We have additional meetings.
These meetings are open to everybody. At the beginning, we will
discuss some fundamental material from the class and review the background.
Next, class projects will be discussed, and finally new research
issues that may lead to M.S. and Ph.D. theses will be presented.
THREE GROUPS WILL BE CREATED, ACCORDING TO YOUR SKILLS:
1. INTRODUCTORY DESIGN GROUP.
digital design, VHDL, computer architecture, logic synthesis,
writing CAD software in C.
This option is for students who do not work in industry.
All projects will be relatively easy.
Petrick Function, Satisfiability Machine, Set Covering Machine.
Fibonacci Machine.
2. ADVANCED LOGIC DESIGN.
People from companies like Mentor Graphics, Synopsys,
software engineering types, good math background.

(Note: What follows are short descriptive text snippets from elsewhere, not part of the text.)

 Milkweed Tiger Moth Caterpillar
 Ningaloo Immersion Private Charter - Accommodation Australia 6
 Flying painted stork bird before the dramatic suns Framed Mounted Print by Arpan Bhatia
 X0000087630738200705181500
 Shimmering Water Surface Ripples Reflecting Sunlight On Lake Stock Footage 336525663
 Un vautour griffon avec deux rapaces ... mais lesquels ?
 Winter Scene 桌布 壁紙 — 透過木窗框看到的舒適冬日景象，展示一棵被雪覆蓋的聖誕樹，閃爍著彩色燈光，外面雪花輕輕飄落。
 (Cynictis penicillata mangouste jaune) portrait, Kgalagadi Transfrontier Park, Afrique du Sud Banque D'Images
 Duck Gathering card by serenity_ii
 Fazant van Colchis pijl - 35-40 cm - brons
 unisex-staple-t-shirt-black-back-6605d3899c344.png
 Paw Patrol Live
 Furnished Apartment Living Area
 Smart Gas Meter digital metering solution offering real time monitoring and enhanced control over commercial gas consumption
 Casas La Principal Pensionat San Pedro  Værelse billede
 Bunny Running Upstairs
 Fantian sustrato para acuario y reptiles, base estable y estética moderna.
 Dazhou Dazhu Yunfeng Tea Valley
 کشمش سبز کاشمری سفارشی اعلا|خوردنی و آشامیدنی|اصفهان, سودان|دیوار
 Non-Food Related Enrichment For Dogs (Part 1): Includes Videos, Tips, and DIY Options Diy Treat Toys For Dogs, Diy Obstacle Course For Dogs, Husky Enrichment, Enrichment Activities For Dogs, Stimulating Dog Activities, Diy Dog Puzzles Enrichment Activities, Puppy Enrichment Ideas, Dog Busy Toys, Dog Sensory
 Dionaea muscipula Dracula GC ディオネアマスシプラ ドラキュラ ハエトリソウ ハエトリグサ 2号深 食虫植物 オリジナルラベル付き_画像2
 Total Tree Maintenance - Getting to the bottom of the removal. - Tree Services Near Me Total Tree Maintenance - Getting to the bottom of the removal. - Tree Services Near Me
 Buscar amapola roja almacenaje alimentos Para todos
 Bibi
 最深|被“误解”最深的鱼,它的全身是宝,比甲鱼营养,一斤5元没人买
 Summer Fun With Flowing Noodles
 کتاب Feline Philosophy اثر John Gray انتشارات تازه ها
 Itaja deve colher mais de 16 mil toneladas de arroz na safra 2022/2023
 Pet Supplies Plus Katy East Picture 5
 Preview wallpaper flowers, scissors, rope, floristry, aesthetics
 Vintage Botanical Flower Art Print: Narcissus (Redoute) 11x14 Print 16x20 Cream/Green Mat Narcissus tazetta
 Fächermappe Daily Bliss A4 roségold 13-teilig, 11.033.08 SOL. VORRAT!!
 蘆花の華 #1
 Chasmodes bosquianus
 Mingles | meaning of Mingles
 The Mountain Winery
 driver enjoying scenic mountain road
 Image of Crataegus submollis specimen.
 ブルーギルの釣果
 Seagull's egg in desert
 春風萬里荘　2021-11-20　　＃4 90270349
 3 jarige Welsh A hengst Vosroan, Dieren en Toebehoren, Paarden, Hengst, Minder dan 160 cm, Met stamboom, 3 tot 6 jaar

This group will be developing small new tools in logic synthesis,
high-level synthesis and system design, new VHDL-based designs, or
system-level software/hardware co-design concpets..
- functional decomposition of state machines and discrete functions.
We will learn in class about approaches that were created
by Ashenhurst and Curtis. Next we will learn new approaches that have been
recently investigated.
I was developing this software this summer for Wright Patterson Air Force Base
in Dayton, Ohio. Tools based on decomposition can be used both for
Machine Learning and FPGA design.
Question: How to convert them to hardware on our DECPeRLe-1 supercomputer.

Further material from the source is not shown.